▸ **Problem to work on**:
Please find every line in the entries below that contains the string "unit", and copy it.

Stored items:
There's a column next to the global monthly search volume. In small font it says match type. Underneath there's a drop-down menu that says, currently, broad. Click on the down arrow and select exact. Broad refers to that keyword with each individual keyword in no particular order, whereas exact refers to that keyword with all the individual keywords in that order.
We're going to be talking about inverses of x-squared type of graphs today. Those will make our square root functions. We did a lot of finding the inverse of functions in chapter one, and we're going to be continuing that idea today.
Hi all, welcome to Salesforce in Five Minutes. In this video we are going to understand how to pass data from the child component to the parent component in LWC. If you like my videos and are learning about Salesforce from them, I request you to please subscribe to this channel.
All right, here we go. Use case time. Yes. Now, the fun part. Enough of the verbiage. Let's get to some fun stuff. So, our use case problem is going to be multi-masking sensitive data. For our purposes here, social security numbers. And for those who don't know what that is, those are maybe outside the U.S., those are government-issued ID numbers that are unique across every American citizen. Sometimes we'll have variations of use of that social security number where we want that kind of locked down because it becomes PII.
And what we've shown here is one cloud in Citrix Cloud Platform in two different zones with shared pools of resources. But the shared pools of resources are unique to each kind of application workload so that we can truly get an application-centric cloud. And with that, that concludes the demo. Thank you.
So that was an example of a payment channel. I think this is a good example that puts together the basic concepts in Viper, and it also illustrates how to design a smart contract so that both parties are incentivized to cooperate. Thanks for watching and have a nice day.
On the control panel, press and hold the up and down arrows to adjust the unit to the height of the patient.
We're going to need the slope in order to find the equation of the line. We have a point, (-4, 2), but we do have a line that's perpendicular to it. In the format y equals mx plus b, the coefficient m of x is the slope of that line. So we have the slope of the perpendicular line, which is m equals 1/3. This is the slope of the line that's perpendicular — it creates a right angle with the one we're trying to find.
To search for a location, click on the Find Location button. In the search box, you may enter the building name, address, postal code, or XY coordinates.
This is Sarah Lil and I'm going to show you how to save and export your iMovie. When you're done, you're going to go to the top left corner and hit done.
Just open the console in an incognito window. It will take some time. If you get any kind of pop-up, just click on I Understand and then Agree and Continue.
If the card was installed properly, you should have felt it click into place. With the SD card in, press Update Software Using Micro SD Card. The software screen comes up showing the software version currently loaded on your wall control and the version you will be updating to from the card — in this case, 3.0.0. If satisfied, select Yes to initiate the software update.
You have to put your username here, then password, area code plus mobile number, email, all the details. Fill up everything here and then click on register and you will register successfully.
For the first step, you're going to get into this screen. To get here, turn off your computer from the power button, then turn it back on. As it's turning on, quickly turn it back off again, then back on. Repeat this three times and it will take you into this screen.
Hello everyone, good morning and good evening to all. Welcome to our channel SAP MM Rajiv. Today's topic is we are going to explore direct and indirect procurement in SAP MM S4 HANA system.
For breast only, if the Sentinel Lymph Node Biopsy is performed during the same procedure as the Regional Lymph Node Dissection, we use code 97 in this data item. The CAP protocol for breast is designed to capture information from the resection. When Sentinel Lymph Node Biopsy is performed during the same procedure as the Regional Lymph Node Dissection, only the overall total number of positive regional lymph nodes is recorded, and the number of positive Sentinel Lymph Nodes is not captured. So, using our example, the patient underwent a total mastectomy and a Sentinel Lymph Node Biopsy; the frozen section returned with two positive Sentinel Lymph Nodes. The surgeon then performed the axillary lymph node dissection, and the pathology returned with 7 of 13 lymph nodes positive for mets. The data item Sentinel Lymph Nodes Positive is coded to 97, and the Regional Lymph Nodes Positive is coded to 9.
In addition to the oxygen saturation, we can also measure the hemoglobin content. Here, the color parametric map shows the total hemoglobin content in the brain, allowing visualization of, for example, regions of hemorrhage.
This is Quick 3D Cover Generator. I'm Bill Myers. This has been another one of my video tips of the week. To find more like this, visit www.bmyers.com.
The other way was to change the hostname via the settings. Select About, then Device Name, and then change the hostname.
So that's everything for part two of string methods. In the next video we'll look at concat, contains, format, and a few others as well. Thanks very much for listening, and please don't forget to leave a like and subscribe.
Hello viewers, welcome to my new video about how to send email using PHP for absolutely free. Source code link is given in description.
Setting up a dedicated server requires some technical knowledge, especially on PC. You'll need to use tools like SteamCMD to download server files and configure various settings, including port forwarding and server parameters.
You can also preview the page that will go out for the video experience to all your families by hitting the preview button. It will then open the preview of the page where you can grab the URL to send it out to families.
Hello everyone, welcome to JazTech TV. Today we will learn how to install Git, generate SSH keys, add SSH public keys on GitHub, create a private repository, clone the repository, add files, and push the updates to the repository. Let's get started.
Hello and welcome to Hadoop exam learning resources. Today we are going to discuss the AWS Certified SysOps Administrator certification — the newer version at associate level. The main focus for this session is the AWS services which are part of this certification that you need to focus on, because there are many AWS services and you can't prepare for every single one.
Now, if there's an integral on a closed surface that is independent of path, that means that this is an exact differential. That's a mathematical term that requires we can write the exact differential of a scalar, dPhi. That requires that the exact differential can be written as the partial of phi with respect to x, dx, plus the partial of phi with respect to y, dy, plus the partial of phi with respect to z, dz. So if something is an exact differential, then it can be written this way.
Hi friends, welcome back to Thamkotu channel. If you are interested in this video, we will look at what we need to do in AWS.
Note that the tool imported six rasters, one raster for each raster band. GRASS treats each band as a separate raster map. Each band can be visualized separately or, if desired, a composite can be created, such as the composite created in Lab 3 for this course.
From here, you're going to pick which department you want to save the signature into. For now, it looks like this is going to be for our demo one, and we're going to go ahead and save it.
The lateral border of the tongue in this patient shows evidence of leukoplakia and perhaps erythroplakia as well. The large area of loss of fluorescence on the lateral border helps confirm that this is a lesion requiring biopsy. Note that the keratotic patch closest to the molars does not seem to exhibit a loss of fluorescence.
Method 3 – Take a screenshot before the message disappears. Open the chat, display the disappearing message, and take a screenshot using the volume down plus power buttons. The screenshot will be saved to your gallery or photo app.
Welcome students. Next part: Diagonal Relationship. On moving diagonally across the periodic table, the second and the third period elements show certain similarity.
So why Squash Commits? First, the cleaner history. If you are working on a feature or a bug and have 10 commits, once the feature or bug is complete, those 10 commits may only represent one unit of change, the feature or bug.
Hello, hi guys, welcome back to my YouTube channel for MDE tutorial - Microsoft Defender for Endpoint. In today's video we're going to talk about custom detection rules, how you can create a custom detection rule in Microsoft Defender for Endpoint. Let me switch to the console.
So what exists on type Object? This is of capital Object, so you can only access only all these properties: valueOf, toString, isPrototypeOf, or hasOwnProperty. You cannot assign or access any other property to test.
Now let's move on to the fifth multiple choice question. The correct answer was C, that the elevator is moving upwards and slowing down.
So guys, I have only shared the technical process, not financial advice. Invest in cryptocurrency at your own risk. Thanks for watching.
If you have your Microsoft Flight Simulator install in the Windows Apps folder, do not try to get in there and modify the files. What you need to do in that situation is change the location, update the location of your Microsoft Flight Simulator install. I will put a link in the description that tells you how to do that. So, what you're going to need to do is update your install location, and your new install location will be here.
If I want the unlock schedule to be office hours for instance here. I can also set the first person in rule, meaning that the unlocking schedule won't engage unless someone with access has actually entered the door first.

▸ **Solution for this exercise**:
On the control panel, press and hold the up and down arrows to adjust the unit to the height of the patient.
So why Squash Commits? First, the cleaner history. If you are working on a feature or a bug and have 10 commits, once the feature or bug is complete, those 10 commits may only represent one unit of change, the feature or bug.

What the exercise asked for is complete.